It’s been ages since I’ve last posted, and partly because I forgot my WordPress password. Just kidding, I have been very busy!
I split my time between three different jobs, and I hesitate calling them “jobs” because I love everything I do, and the way I do it. Providing education in schools, as an Educator for the Epilepsy Foundation, for teachers and students on seizure first aid and recognition is extremely gratifying work – regardless of the fact that I do not have any connection to epilepsy. As an educator, I have the ability and the responsibility to empower my audience and enable them to make life changing decisions if they are ever in a situation where a student is having a seizure. Second and third of all, I am a fitness coach for Orange Theory, and a personal trainer. Two additional opportunities to empower people and help them improve their quality of life. #Winning
But the purpose of this post was to tell you that I am running the Big Sur International Marathon Relay for Every Mother Counts. I love to do 1 crazy thing every year, and running a marathon relay from beautiful Big Sur to Carmel, CA. I’ll need your support to get there and together we can help reduce maternal mortality worldwide. Every 2 minutes a woman dies in childbirth and would you believe that 98% of those deaths are PREVENTABLE! I’m talking about education, supplies and transportation. These are barriers that Every Mother Counts has identified and is working with organizations in over 7 countries (INCLUDING the United States) to do exactly what I love: empower people.
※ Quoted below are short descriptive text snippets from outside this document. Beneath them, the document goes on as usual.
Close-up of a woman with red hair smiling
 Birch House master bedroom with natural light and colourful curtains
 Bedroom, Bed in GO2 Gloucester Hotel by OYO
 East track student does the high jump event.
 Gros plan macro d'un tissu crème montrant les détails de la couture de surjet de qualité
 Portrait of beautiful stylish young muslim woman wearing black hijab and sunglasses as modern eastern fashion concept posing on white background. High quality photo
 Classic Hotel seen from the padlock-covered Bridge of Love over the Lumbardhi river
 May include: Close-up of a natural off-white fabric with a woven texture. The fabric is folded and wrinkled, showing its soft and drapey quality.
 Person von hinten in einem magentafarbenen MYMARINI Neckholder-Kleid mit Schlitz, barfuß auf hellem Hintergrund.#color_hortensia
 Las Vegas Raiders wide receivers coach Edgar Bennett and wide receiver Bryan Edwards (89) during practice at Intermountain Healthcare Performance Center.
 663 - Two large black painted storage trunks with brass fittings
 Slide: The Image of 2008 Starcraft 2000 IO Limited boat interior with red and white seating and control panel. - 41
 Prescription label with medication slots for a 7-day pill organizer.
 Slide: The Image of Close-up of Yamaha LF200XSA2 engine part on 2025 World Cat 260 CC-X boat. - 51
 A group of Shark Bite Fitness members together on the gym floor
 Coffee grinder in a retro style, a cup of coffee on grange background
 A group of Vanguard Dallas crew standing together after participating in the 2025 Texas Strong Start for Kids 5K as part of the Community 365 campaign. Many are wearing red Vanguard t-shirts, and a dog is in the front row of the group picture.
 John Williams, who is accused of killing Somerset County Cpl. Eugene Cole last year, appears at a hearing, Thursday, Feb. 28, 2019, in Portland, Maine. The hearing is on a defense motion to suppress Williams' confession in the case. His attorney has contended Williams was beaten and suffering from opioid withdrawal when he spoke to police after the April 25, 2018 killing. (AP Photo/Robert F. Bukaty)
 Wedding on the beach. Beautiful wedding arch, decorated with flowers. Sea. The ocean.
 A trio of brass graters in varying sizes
There is a motorcycle guy in Uganda who gives rides to women to the childbirth center so they can deliver safely. For the price of your latte, $5, you can pay for a woman to take that ride for free, earning her a voucher. In the United States, a $50 donation will enable an uninsured woman to have a prenatal visit. The best part is that 100% of your donation will go to directly to this portfolio of programs around the world to help women get the maternal care they need.
If you made it this far in my post, then you’re awesome! Thank you! And if you are moved by what I wrote above, then I would love your support to get me to Big Sur!
If you have ever been a part of planning a huge party or a wedding, then you get it. That empty feeling you have as the last guest leaves, and your heart swells up with joy and your mind is sorting through all the new memories you created. Maybe you are wondering, when will I see them again? It’s a dramatic sentiment, but it’s exactly how I am feeling now, post-triathlon. I feel like I said goodbye to a dear friend. One that I trained with for months and months. It kept me company every day and because it was new, every week was exciting. I loved the highs and lows of learning how to swim all over again. Oh, and the gear?? Buying a new swim suit after YEARS. Experimenting with goggles, paddles, flippers and buoys. Some things I never knew existed for the water before this year. The drama with my bike, wavering between, ‘will I like triathlons and if so should I buy a road bike’, or ‘Nah, I’ll just hybridize my mountain bike and deal with it’. I installed a bike computer and pedal cages which made me feel accomplished. I had the run covered, no sweat. But it was tricky learning how to successfully complete brick workouts from bike to run!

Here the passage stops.